Your VPS with the best uptime?

Xei · January 2013

@Maounique said: 95% of our KVM and 100% of Xen and vmware are up since have been setup, ovz has been plagued by reboots tho, it seems there are still exploits that can crash the kernel.

Is that why I read about constant reboot complaints regarding LEBs, is this most likely due to OVZ exploit? If that's the most vulnerable virtualization technology, probably a good for me to stay away..

prometeus · January 2013

@Xei said: Is that why I read about constant reboot complaints regarding LEBs, is this most likely due to OVZ exploit? If that's the most vulnerable virtualization technology, probably a good for me to stay away..

.32 openvz kernels are a bit more bugged than the .18 and with more changes on each release :-)

Xei · January 2013

@prometeus said: .32 openvz kernels are a bit more bugged than the .18 and with more changes on each release :-)
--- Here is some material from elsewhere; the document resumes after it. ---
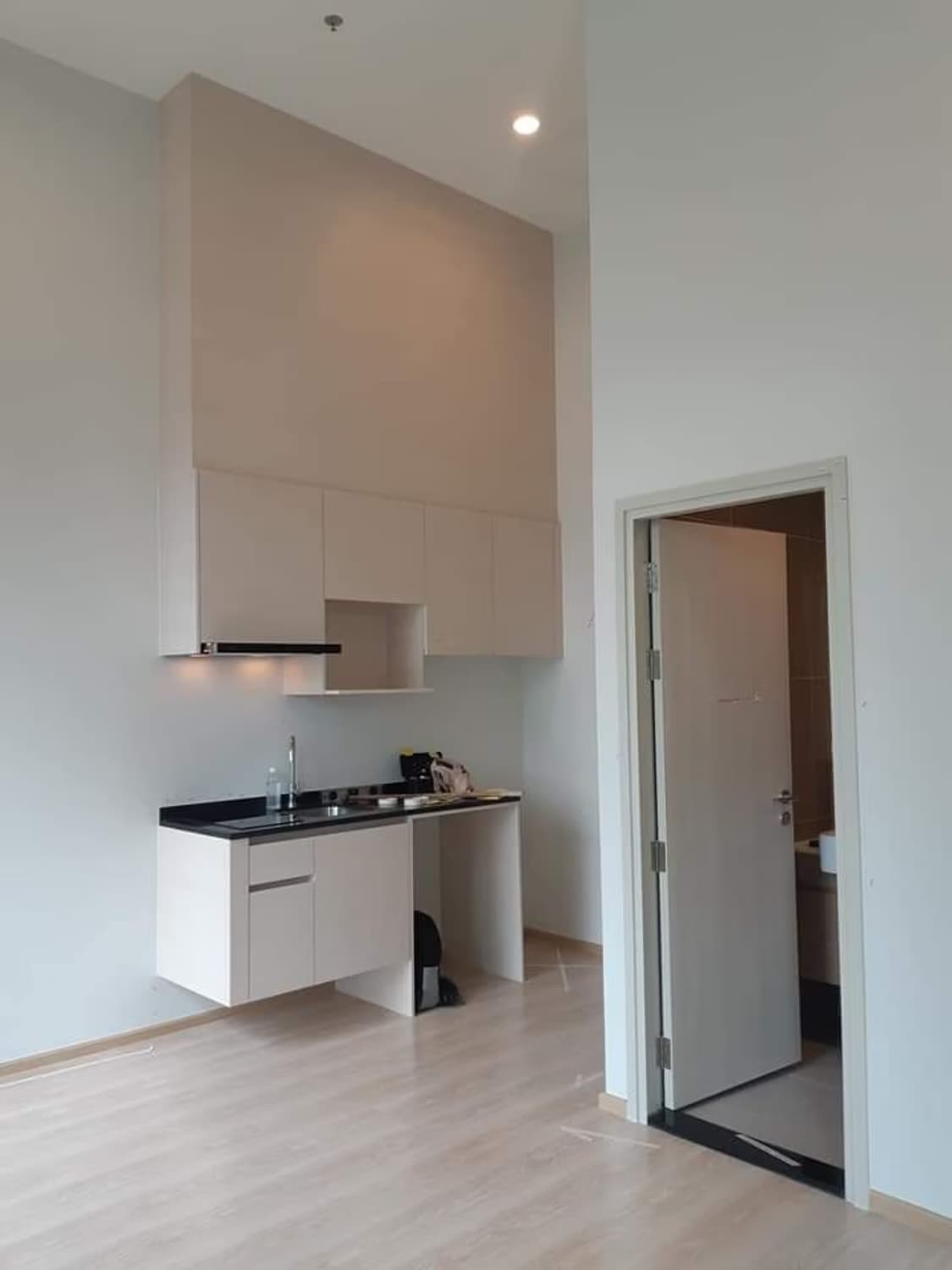 Condo for Sale at Noble Revolve Ratchada 2 - Image 3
Thanks for that info! I need to make sure I avoid getting placed on that kernel then. :P Would love to get on a Prometeus 128MB yearly but from what I've read those are indefinitely out of stock? I didn't get into LEBs till Nov 2012 so I missed a lot of great yearly opportunities from the seemingly small list of high uptime providers.

miTgiB · January 2013

@prometeus said: .32 openvz kernels are a bit more bugged than the .18 and with more changes on each release :-)
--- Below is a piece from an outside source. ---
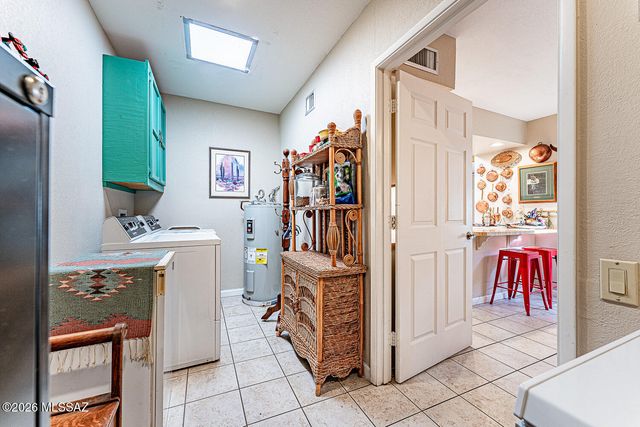 920 W Camino Sagasta, Green Valley, AZ 85622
But once you get the right combo, don't mess with it

[root@e3la17 ~]# w
 23:13:29 up 180 days,  4:57,  1 user,  load average: 2.99, 2.81, 2.24
[root@e3la17 ~]# uname -a
Linux e3la17.hostigation.com 2.6.32-042stab055.16 #1 SMP Fri Jun 8 19:22:28 MSD 2012 x86_64 x86_64 x86_64 GNU/Linux
[root@e3la17 ~]# uptrack-uname -a
Linux e3la17.hostigation.com 2.6.32-042stab068.8 #1 SMP Fri Dec 7 17:06:14 MSK 2012 x86_64 x86_64 x86_64 GNU/Linux

VPNsh · January 2013

BlueVM
21:13:44 up 183 days

BlueVM has been pretty consistent for me, and this is on a $10/year package as far as I'm aware .

jcaleb · January 2013

@miTgiB said: But once you get the right combo, don't mess with it

Is all your VZ already .32?

prometeus · January 2013

@miTgiB said: But once you get the right combo, don't mess with it

of course:
[root@pm18 ~]# w
07:14:20 up 143 days, 23:20, 1 user, load average: 0.83, 1.19, 1.12
USER TTY FROM LOGIN@ IDLE JCPU PCPU WHAT

Linux pm18.prometeus.net 2.6.32-042stab059.7 #1 SMP Tue Jul 24 19:12:01 MSK 2012 x86_64 x86_64 x86_64 GNU/Linux

[root@pm25 ~]# w
07:17:20 up 107 days, 23:29, 1 user, load average: 0.85, 1.28, 1.54
USER TTY FROM LOGIN@ IDLE JCPU PCPU WHAT

Linux pm25.prometeus.net 2.6.32-042stab061.2 #1 SMP Fri Aug 24 09:07:21 MSK 2012 x86_64 x86_64 x86_64 GNU/Linux

[root@pm27 ~]# w
07:20:25 up 94 days, 11:41, 1 user, load average: 0.51, 1.48, 2.60
USER TTY FROM LOGIN@ IDLE JCPU PCPU WHAT

[root@pm17 ~]# w
07:21:08 up 89 days, 8:29, 2 users, load average: 0.69, 0.49, 0.38

However with the same extact hardware / software configuration, there are/were cases of random reboot.

Maounique · January 2013

@prometeus said: However with the same extact hardware / software configuration, there are/were cases of random reboot.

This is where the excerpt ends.